For the in vivo study, agomiR-193a-5p or antagomiR-193a-5p was intravenously administered to mice. Thus, we cannot exclude the possible off-target effects in other organs, including infiltrating the brain through a compromised BBB post-I/R injury. Moreover, we could not exclude the possibility that the neuroprotective effect of miR-193a-5p is mediated through the targeting of neurons, glia, or other cell types from the bone marrow. Nonetheless, it is noteworthy that pre-surgery intravenous injection of agomiR-193a-5p or antagomiR-193a-5p first affected blood cells and that neutrophils represent the largest proportion and surge shortly after stroke injury, which make them the main target of transfection reagents/siRNA. In the brain tissue of mice subjected to agomiR-193a-5p treatment, CD206, TGF-β, and PPARγ mRNA levels were increased in comparison with those in MCAO mice, and miR-193a-5p was found to be co-localized with Ly6G in the MCAO ipsilateral brain tissue, together suggesting the involvement of miR-193a-5p in neutrophils infiltrating the cerebral parenchyma after experimental I/R injury.

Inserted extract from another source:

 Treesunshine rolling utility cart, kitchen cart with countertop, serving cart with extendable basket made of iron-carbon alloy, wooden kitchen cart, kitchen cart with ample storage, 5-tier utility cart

In previous studies, the protective effects of miR-193a-5p were shown based on a reduction in proliferation, survival, migration, and invasion [28], the uptake of bacterial products, and anti-inflammatory pathway targeting. Thus, it is possible that neutrophil phenotype switching is regulated by and functionally accounts for the effect of miR-193a-5p on I/R injury in certain conditions.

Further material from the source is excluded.